INSTRUCTIONS FOR THE TASK: Exact copy, no pictures: restate each entry below word for word.
%%
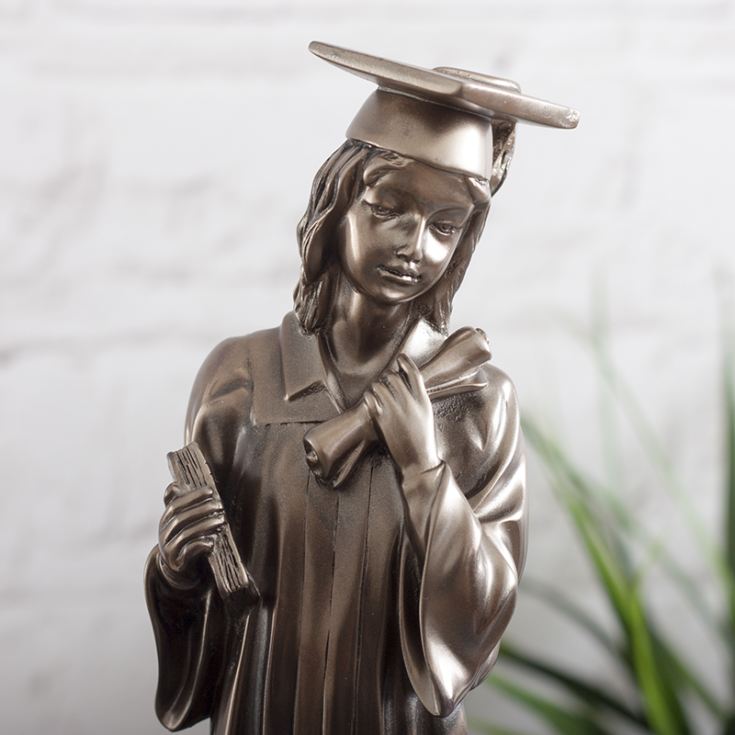 Female Bronze Graduation Figurine product image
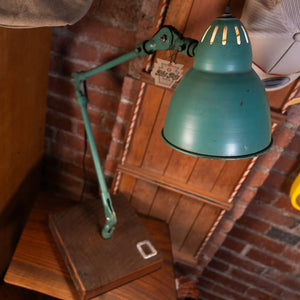 Refurbished Vintage Desk Lamp with "O"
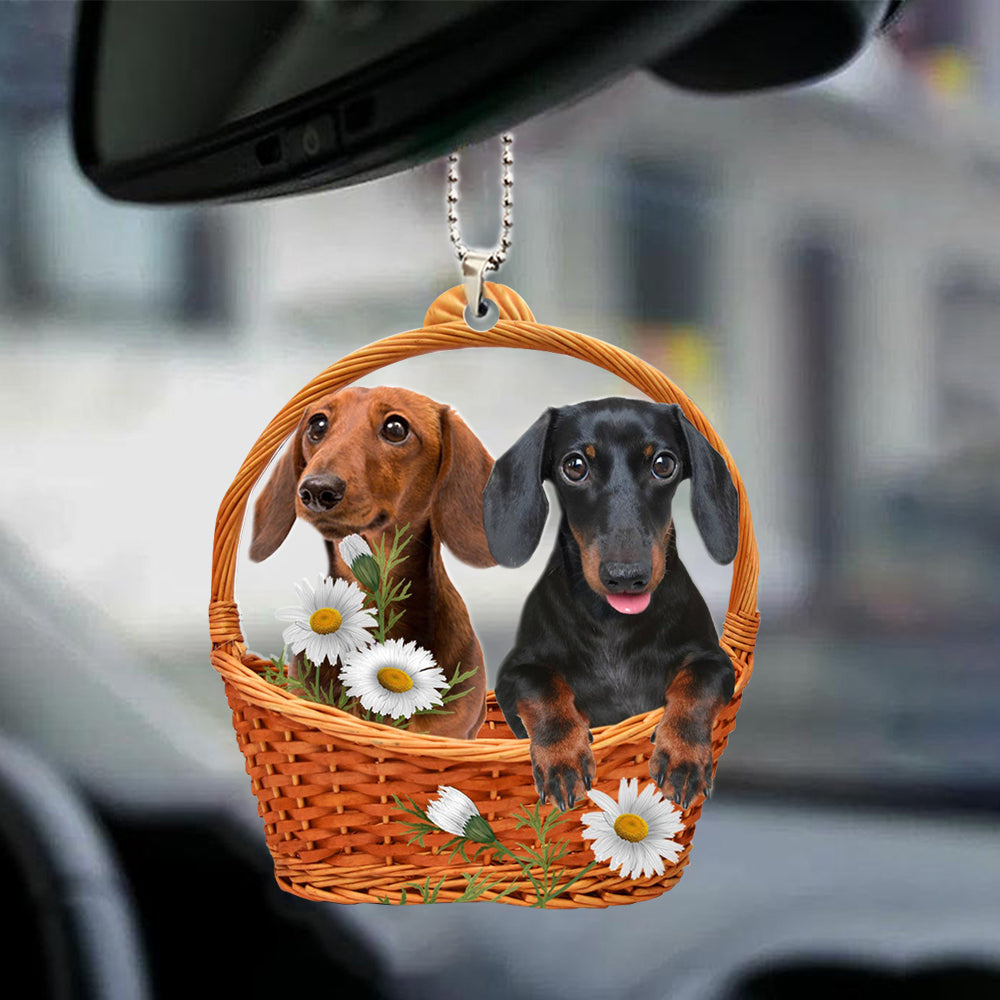 Dachshund Ornaments God'S Present Auto Hanging Ornament Car Interior Decoration OO0917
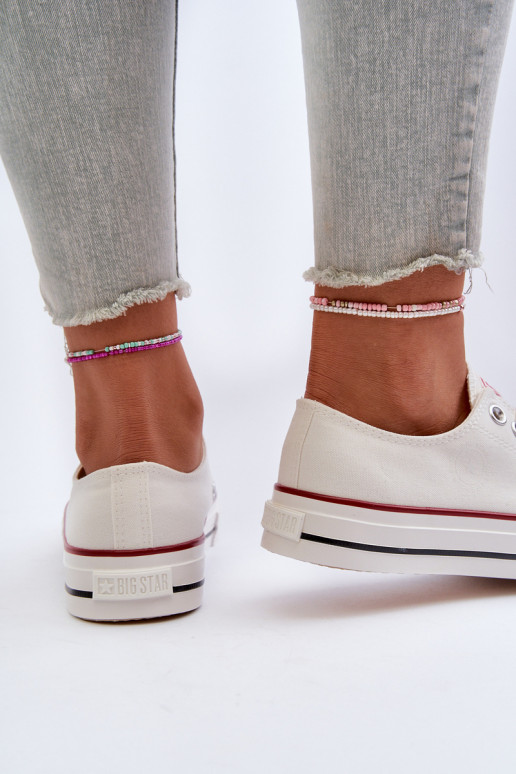 Low Women's Sneakers Big Star NN274274 White Low Women's Sneakers Big Star NN274274 White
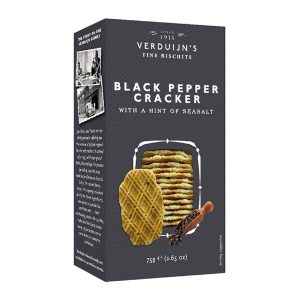 12x75g Verduijn's Black Pepper Crackers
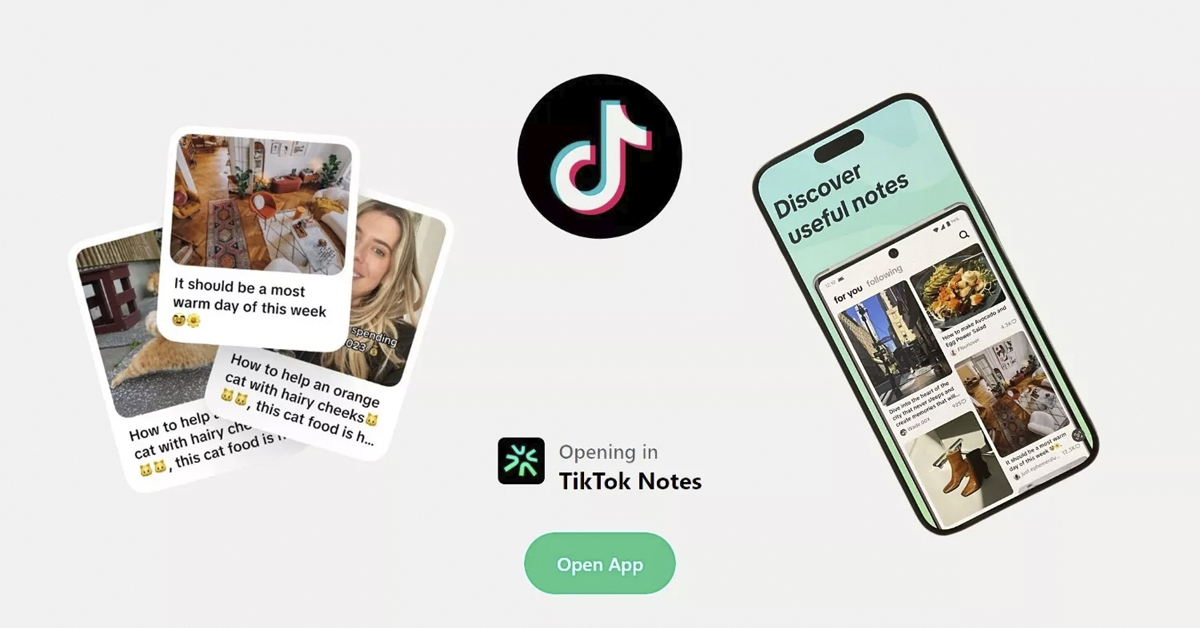 El Instagram de TikTok es oficial: Bienvenido, TikTok Notes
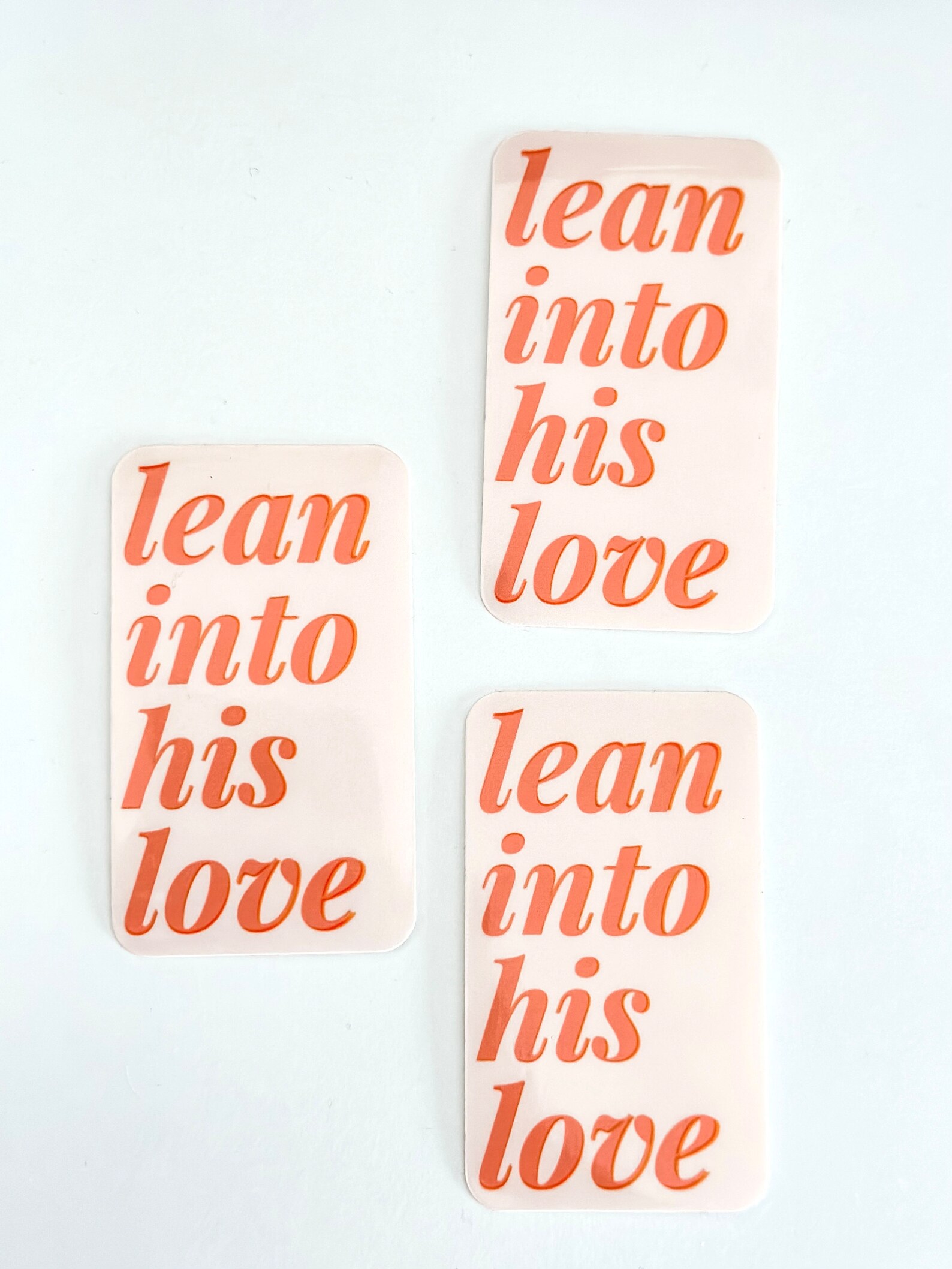 Lean Into Jesus Love Sticker Trendy Christian Stickers Faith - Etsy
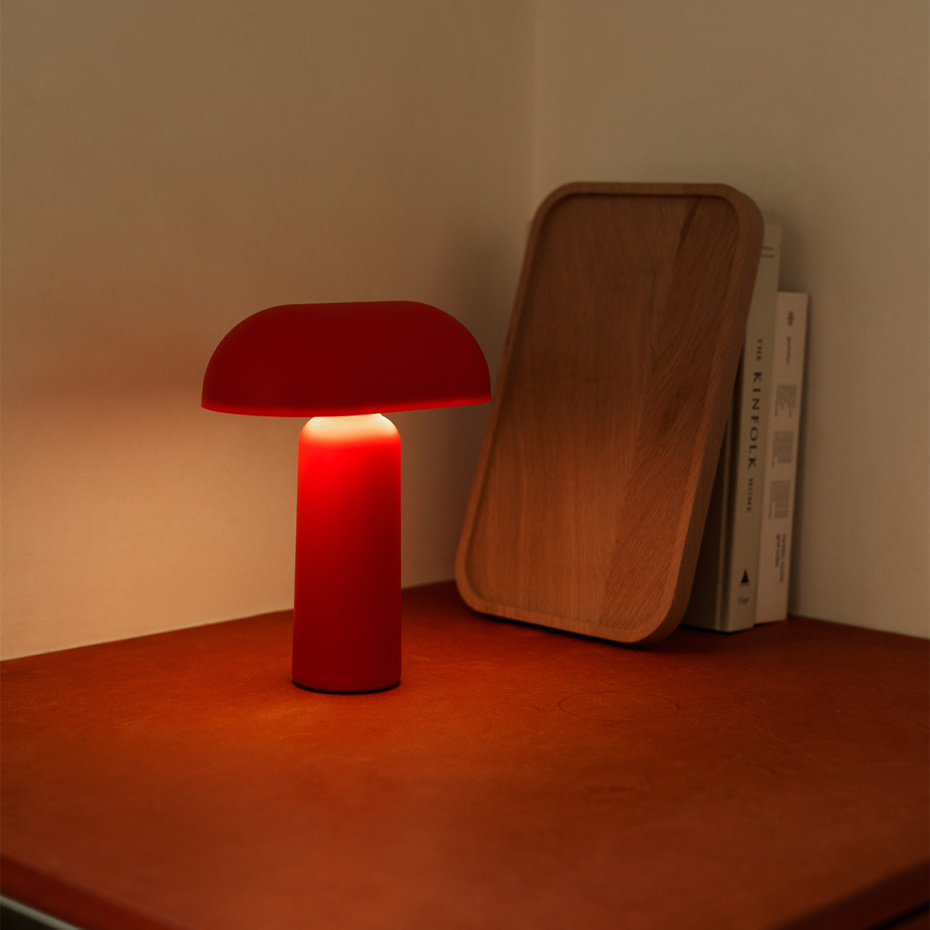 Porta Portable Bordslampa Bright Red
%%
EXPECTED ANSWER:
 Female Bronze Graduation Figurine product image
 Refurbished Vintage Desk Lamp with "O"
 Dachshund Ornaments God'S Present Auto Hanging Ornament Car Interior Decoration OO0917
 Low Women's Sneakers Big Star NN274274 White Low Women's Sneakers Big Star NN274274 White
 12x75g Verduijn's Black Pepper Crackers
 El Instagram de TikTok es oficial: Bienvenido, TikTok Notes
 Lean Into Jesus Love Sticker Trendy Christian Stickers Faith - Etsy
 Porta Portable Bordslampa Bright Red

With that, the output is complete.